### What is expected
Copy the first line of the entries below and every line after it through the line containing "referee Steve Kozari". Do not include pictures.

### Web page caption snippets

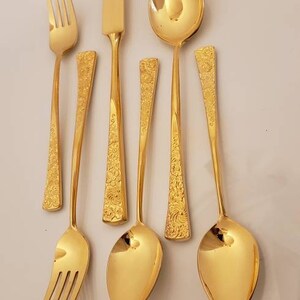 May include: A set of gold-colored flatware, including a knife, fork, and spoons. The flatware has an ornate design.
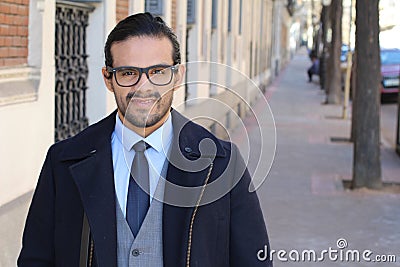 Grossed out looking businessman outdoors Stock Photo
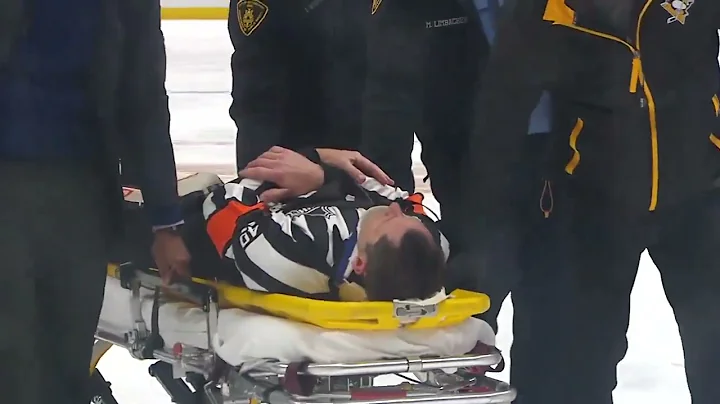 referee Steve Kozari collided with Haydn Fleury and had to be stretchered off the ice
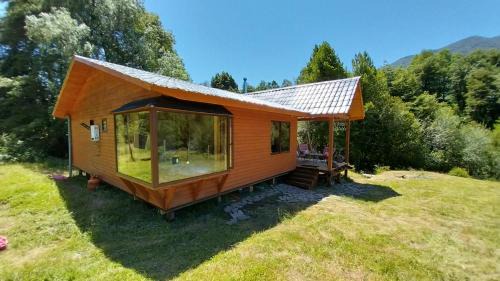 Pucon Ski Chalet | Riverside Retreat: Pet-Friendly Cabaña by Liucura River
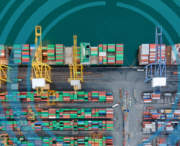Aerial view of a busy shipping port with rows of colorful cargo containers and several large cranes by the water. Blue digital circles, referencing Carbon Border Adjustment Mechanism (CBAM) measures, are overlaid on the image.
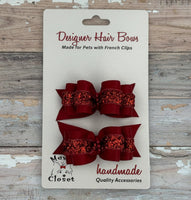 Red glittery hair bows on a card with 'Max's Closet' branding.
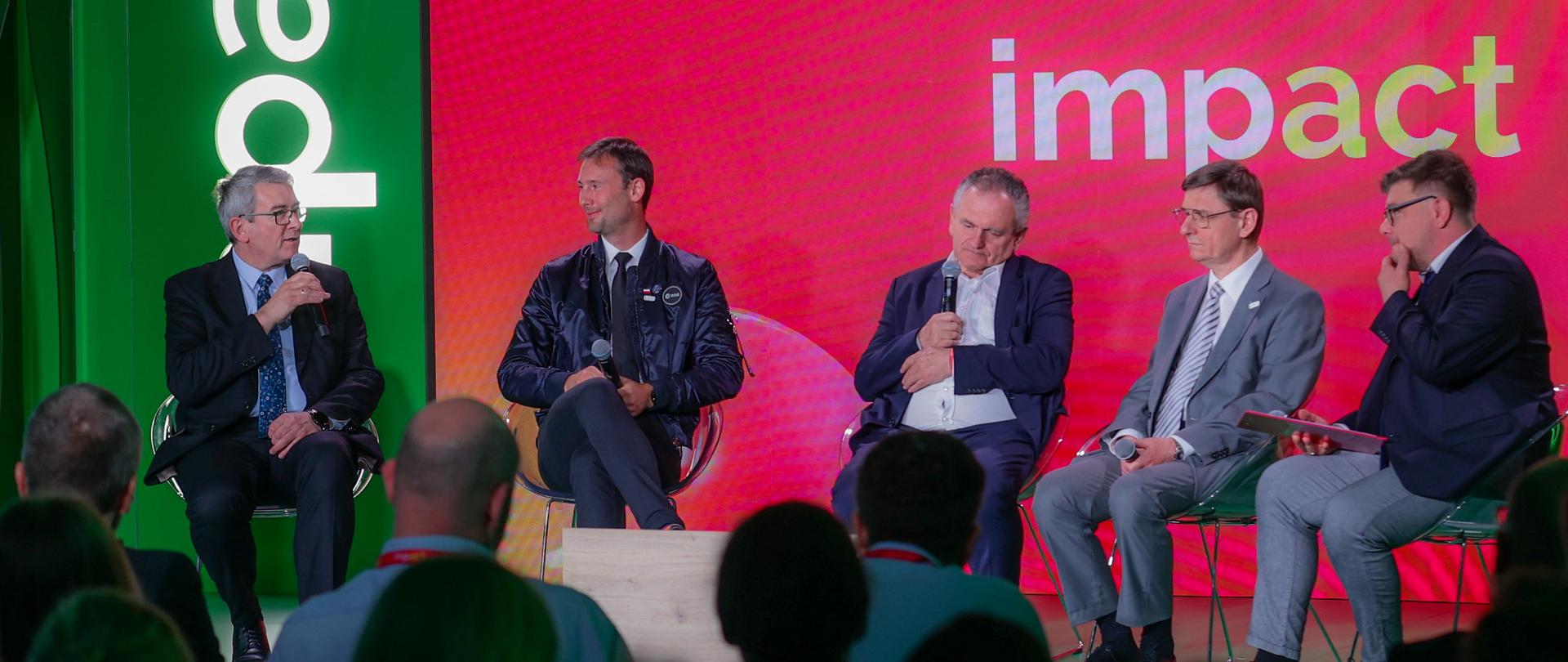 Pod czerwono-zieloną ścianą z napisem Impact'23 na fotelach siedzi pięciu mężczyzn, na skraju z lewej siedzi wiceminister Murdzek który mówi do trzymanego w ręku mikrofonu.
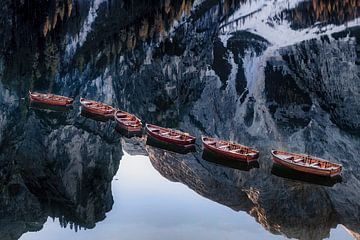Wooden boats on the lake in the Alps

### Response to the exercise
 May include: A set of gold-colored flatware, including a knife, fork, and spoons. The flatware has an ornate design.
 Grossed out looking businessman outdoors Stock Photo
 referee Steve Kozari collided with Haydn Fleury and had to be stretchered off the ice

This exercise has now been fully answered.